De la prévention, et non des faits

Nos résultats soulignent la nécessité de repenser certaines approches actuelles dont la stratégie est de contrer la désinformation par les faits. Non seulement celles-ci se révèlent inefficaces, mais elles alimentent même les croyances conspirationnistes. Nous encourageons donc les organes politiques à se concentrer sur la prévention et à soutenir l’éducation.

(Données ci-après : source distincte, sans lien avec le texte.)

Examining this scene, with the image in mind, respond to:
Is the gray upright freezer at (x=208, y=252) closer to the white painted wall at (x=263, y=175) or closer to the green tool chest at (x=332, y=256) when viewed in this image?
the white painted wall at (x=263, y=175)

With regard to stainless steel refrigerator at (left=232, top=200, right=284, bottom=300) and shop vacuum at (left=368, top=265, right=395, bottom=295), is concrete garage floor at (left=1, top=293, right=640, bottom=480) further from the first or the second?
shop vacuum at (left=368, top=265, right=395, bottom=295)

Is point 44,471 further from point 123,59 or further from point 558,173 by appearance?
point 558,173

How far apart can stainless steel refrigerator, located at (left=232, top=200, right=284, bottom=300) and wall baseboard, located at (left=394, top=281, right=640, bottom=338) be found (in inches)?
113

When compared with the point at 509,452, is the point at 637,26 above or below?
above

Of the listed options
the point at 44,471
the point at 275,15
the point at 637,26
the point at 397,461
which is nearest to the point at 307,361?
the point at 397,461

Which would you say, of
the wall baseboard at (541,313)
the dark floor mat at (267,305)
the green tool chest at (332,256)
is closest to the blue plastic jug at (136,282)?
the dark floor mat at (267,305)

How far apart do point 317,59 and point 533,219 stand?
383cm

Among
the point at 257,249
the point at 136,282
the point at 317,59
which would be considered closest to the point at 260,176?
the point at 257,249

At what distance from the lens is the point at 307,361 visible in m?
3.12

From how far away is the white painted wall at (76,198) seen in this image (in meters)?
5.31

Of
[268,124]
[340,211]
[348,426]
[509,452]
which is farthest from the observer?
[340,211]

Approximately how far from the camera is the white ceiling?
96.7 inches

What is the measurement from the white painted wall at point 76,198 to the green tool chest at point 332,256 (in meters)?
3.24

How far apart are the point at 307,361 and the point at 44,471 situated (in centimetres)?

Développer la culture médiatique et le discernement critique des citoyens est devenu un impératif majeur pour les aider à évaluer la crédibilité et la validité des sources d’information en ligne. Parmi les compétences à renforcer figurent l’analyse, la synthèse, la confrontation d’éléments de preuves et d’options pour déceler les faiblesses et les incohérences.

Il est également important de s’attaquer aux problèmes sociaux sous-jacents qui peuvent contribuer à la propagation des théories du complot. Les communautés adeptes des théories du complot sont souvent constituées de personnes marginalisées dans notre société – l’existence de ces communautés est rendue possible par l’exclusion sociale. S’attaquer à l’exclusion sociale et promouvoir des valeurs collectives peuvent également contribuer à combattre la propagation des théories du complot.